Co na to miejski konserwator zabytków? Nic. O wyburzeniach dowiedział się od nas. - Nie miałem pojęcia, że w tak niedługim czasie są planowane - wyznał "Gazecie" i w trybie pilnym umówił się z zarządem Parku. Okazało się, że BPP zamierzał likwidować wszystkie obiekty - łącznie z uznanymi za unikatowe i objętymi ochroną konserwatorską. - Kilka lat temu wyznaczyliśmy części, których absolutnie nie należy niszczyć - mówi Marcysiak. - Nie zostało to uszanowane, bo pisma zaginęły gdzieś w Parku. Całe szczęście - dosłownie w ostatniej chwili - pojawiła się interwencja "Gazety". Mam nadzieję, że udało mi się uzmysłowić zarządowi Parku wartość obiektów. Wypracowaliśmy kompromis.
Prezes Niedźwiecki o istnieniu strefy ochrony konserwatorskiej nic nie wiedział. Jego propozycja: - Nie wyburzymy drugiego kompleksu, o ile Lasy Państwowe zgodzą się udostępnić nam teren w innym miejscu i uda nam się przesunąć planowaną inwestycję. Co do pierwszego kompleksu - nie możemy już zmienić zamierzeń.

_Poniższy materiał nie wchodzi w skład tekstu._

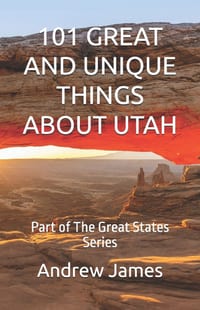 101 Great and Unique Things about Utah: Part of The Great States Series cover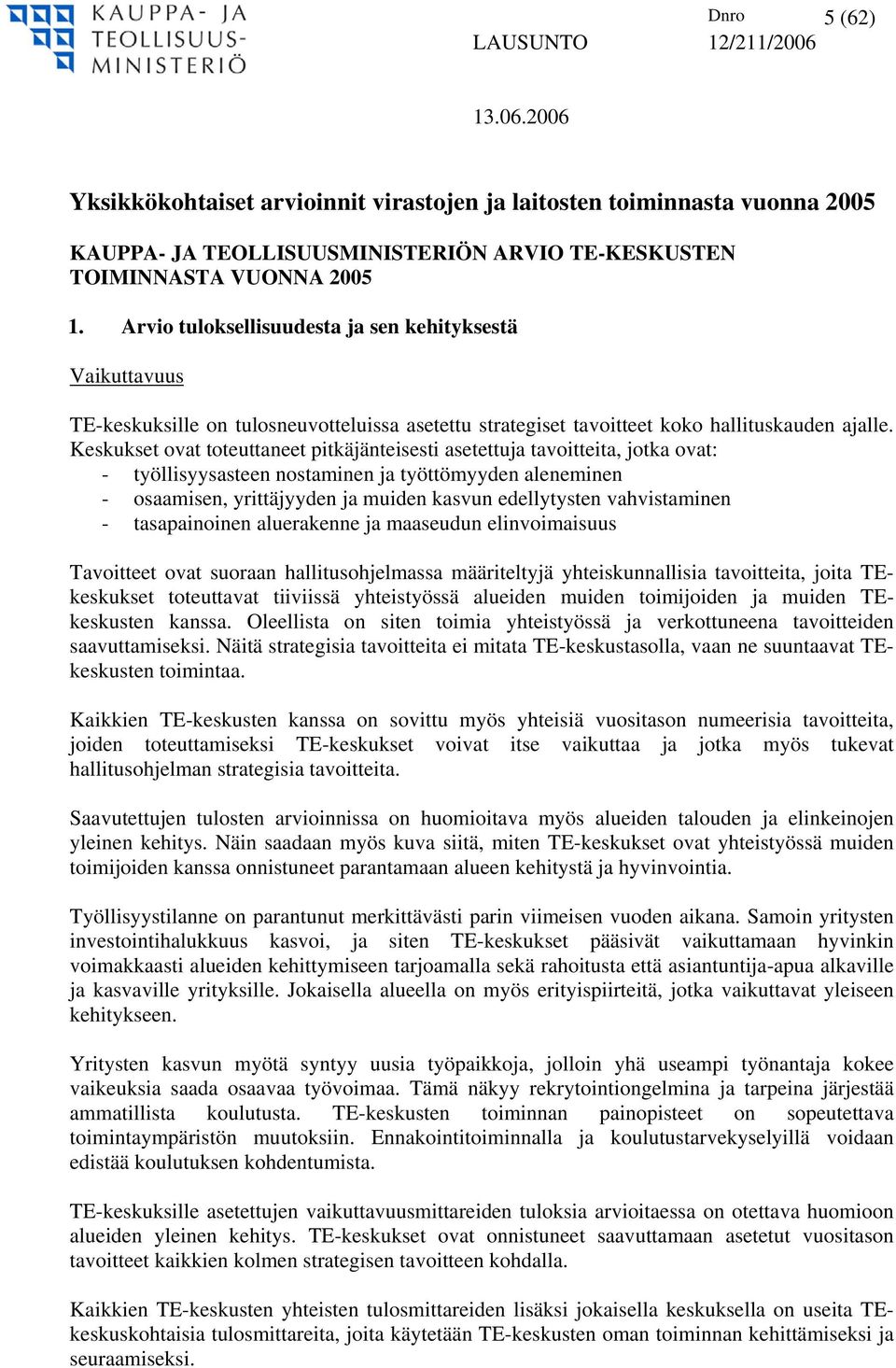 Keskukset ovat toteuttaneet pitkäjänteisesti asetettuja tavoitteita, jotka ovat: - työllisyysasteen nostaminen ja työttömyyden aleneminen - osaamisen, yrittäjyyden ja muiden kasvun edellytysten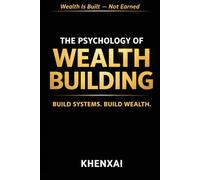 The Psychology of Wealth Building: How to Build Long-Term Wealth, Grow Your Income, and Create Financial Freedom Through Smart Systems (Money Mindset Mastery Series)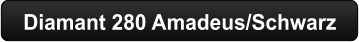 Diamant 280 Amadeus/Schwarz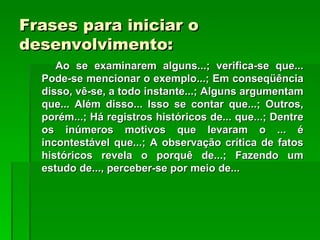 Frases para iniciar o
desenvolvimento:
     Ao se examinarem alguns...; verifica-se que...
  Pode-se mencionar o exemplo...; Em conseqüência
  disso, vê-se, a todo instante...; Alguns argumentam
  que... Além disso... Isso se contar que...; Outros,
  porém...; Há registros históricos de... que...; Dentre
  os inúmeros motivos que levaram o ... é
  incontestável que...; A observação crítica de fatos
  históricos revela o porquê de...; Fazendo um
  estudo de..., perceber-se por meio de...
 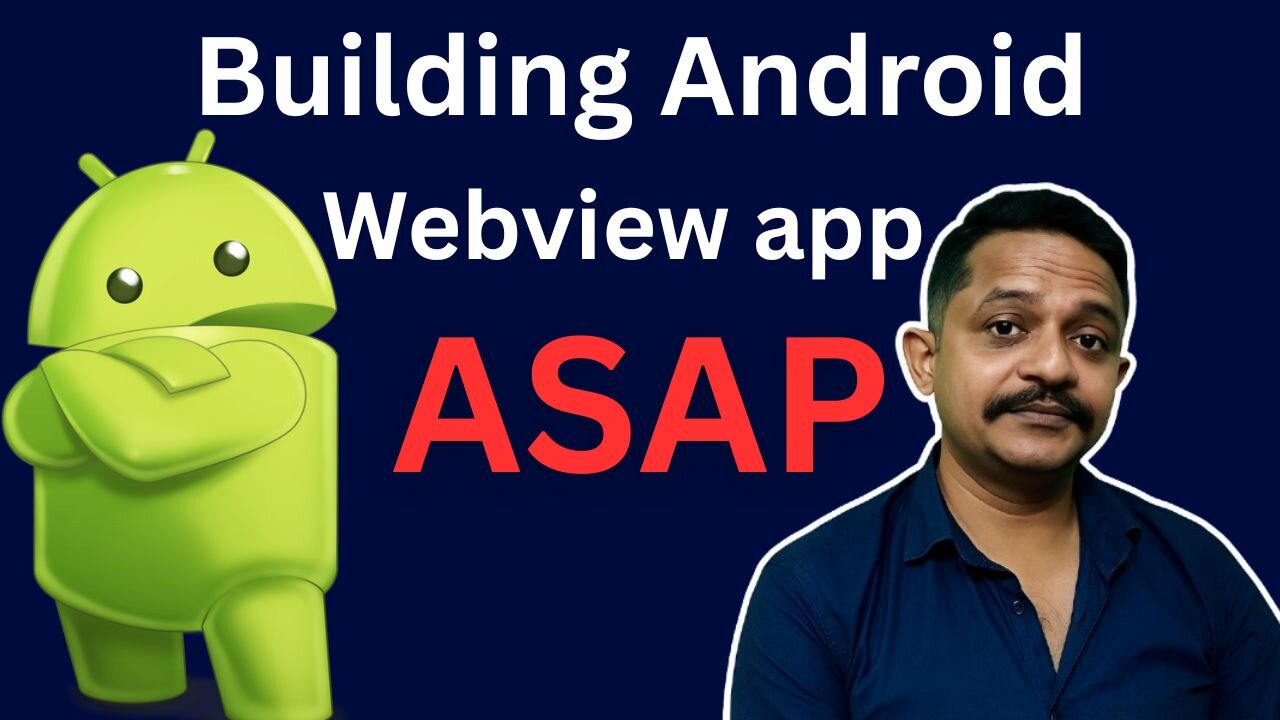 Building Android Webview App ASAP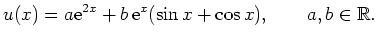 $\displaystyle u(x)=a{\rm {e}}^{2x}+b\,{\rm {e}}^x(\sin x+\cos x), \qquad a,
b\in\mathbb{R}. $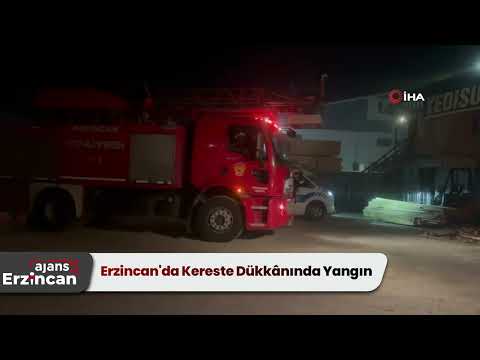 Erzincan'da Kereste Dükkânında Yangın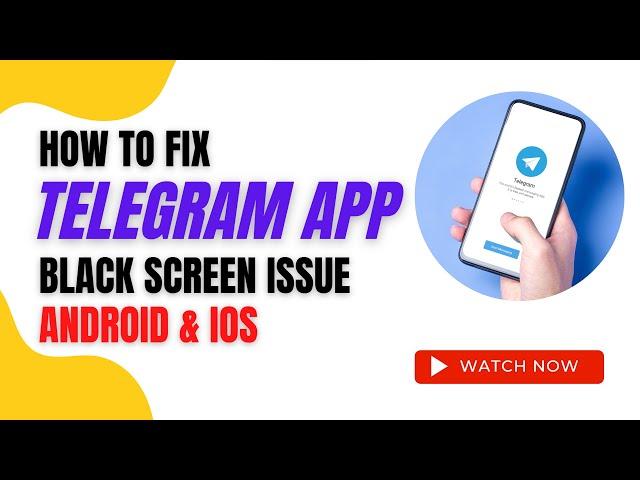 How To Fix Telegram App Black Screen Issue Android & Ios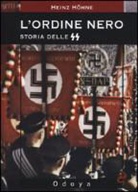 Heinz Höhne - L'ordine nero. Storia delle SS
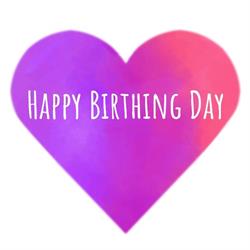 Happy Birthing Day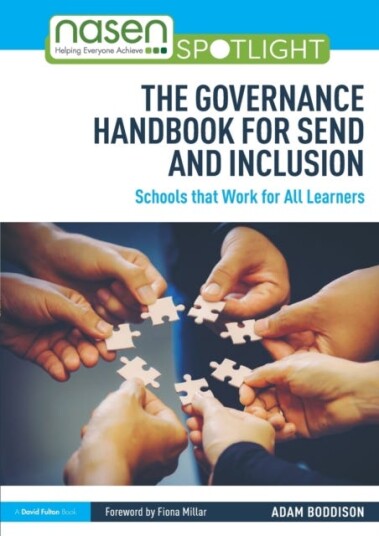 The Governance Handbook For Send And Inclusion Av Adam (Nasen Uk) Boddison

Konserwator skontaktował się z archeologiem - Robertem Grochowskim świetnie znającym tereny DAG, który wykona fotografie i badania wszystkich budynków. Stworzone będą też wizualizacje 3D tych, które znikną. Exploseum będzie mogło wykorzystać je na swojej wystawie. - Wspaniała wiadomość - cieszy się Maciej Kułakowski, szef działu architektury przemysłowej w Muzeum Okręgowym. - Strefa produkcji prochów to ważne miejsce, do którego transportowano ciasto prochowe wyprodukowane w naszej strefie, czyli NGL.
Grochowski, który prawie sześć lat temu na fragmentach DAG Fabrik prowadził prace archeologiczne, uważa, że warto zachować te elementy, które nie powtarzają się w pozostałych obiektach fabryki. A właśnie takie znajdują się w strefie, którą uda się ocalić. - Wydzieliłem dwa obszary ochrony konserwatorskiej - mówi. - W jednym z nich leży m.in. wartościowy krąg walcarek.